• Activity
Below is a listing with pictures in it. Copy it exactly without them.

• The data
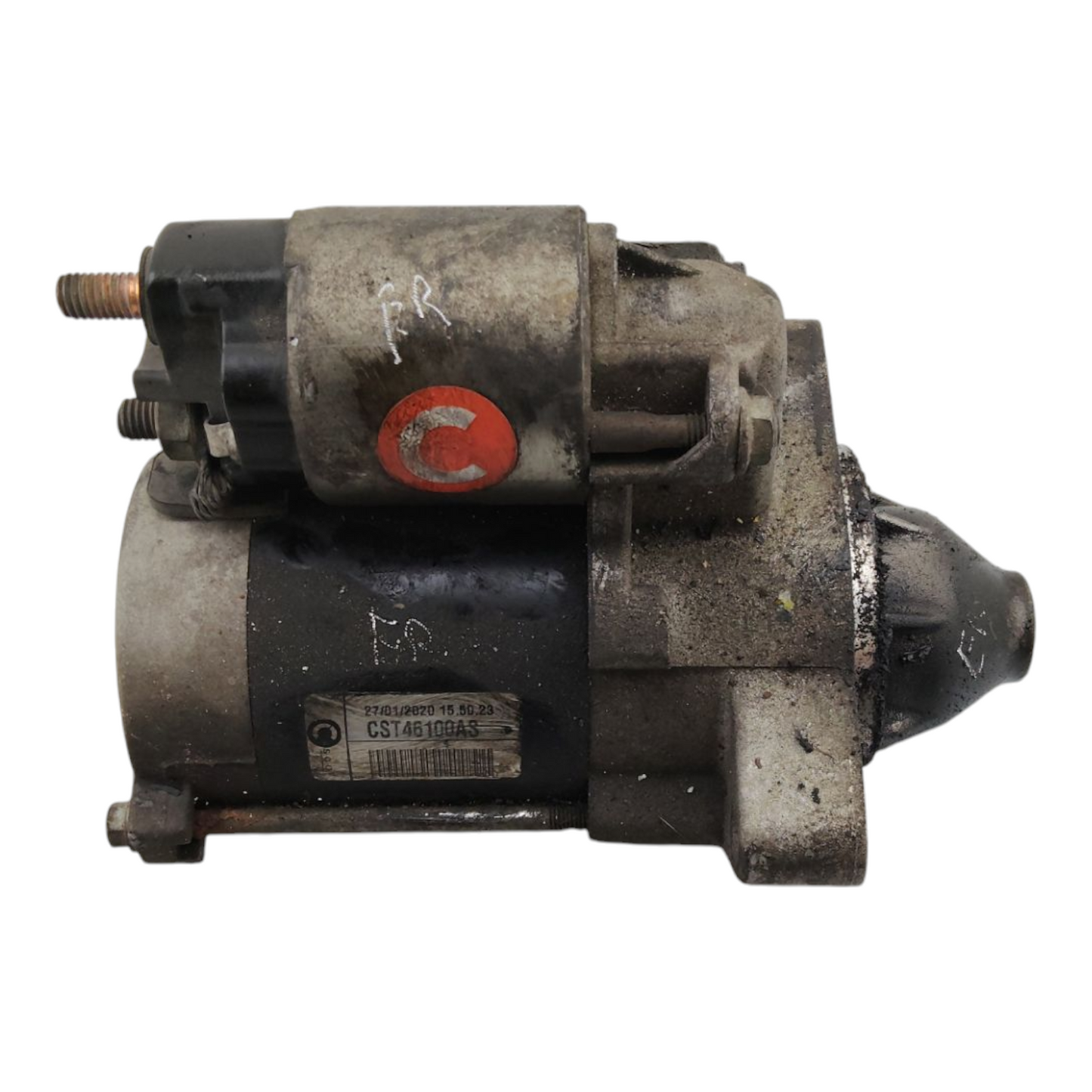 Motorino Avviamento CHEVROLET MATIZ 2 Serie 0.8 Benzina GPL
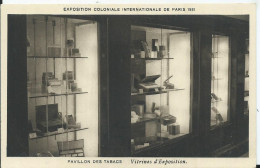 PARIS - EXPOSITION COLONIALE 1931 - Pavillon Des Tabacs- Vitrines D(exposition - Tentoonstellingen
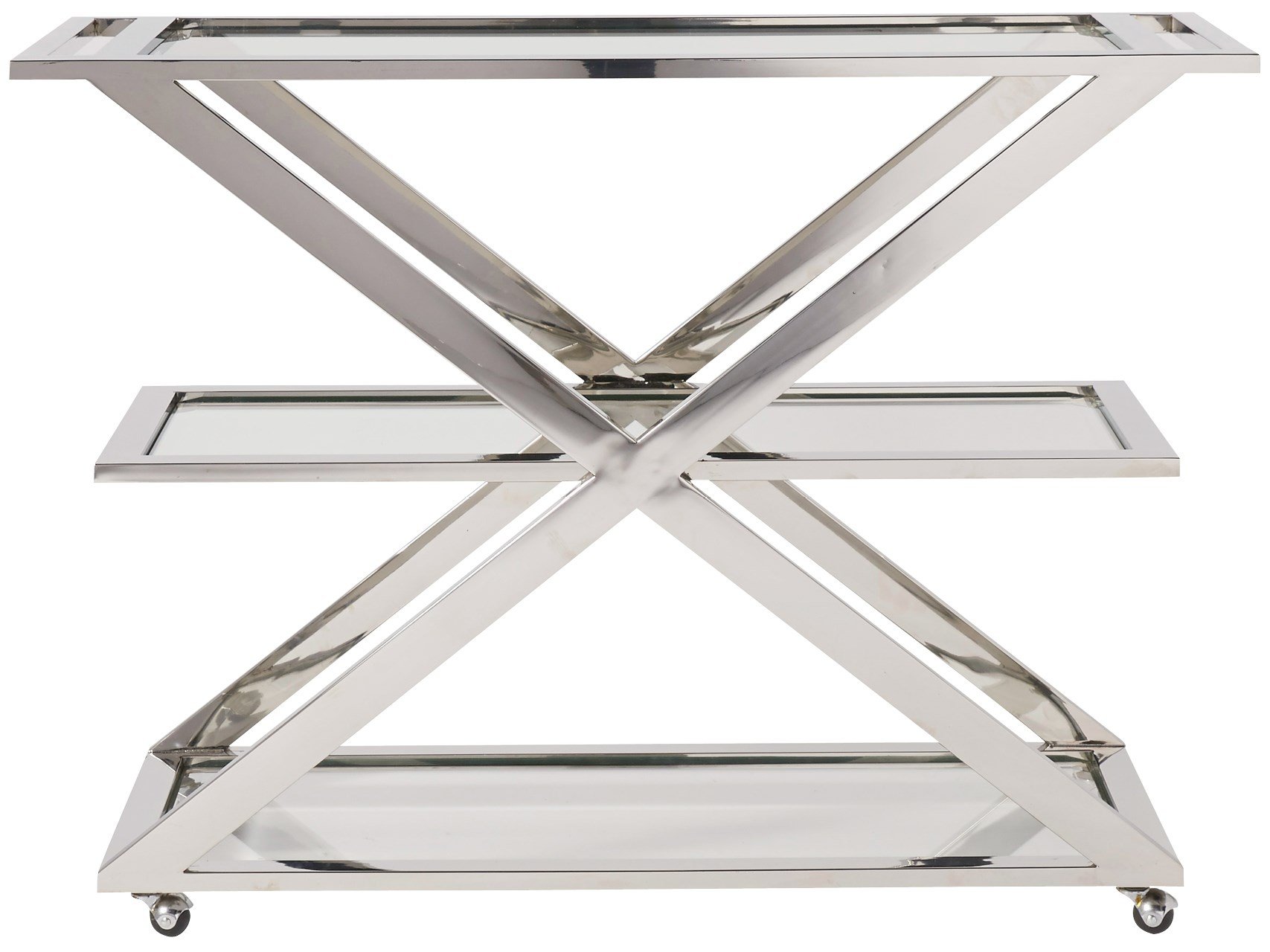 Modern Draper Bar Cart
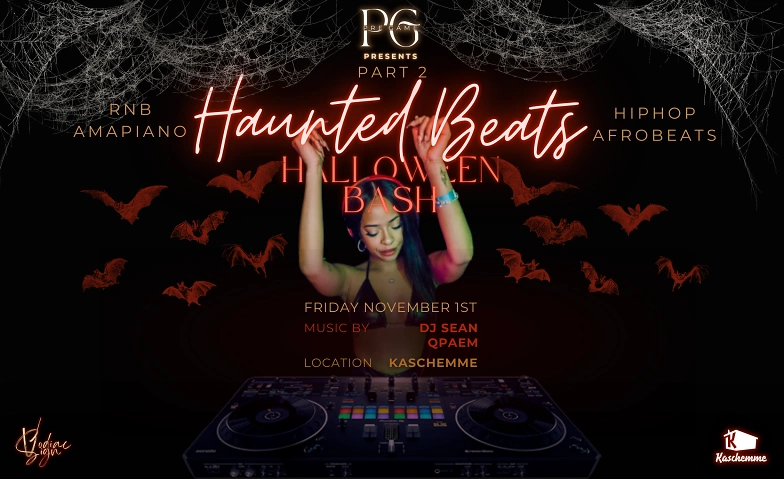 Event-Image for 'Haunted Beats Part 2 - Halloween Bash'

• Solution to the problem
 Motorino Avviamento CHEVROLET MATIZ 2 Serie 0.8 Benzina GPL
 PARIS - EXPOSITION COLONIALE 1931 - Pavillon Des Tabacs- Vitrines D(exposition - Tentoonstellingen
 Modern Draper Bar Cart
 Event-Image for 'Haunted Beats Part 2 - Halloween Bash'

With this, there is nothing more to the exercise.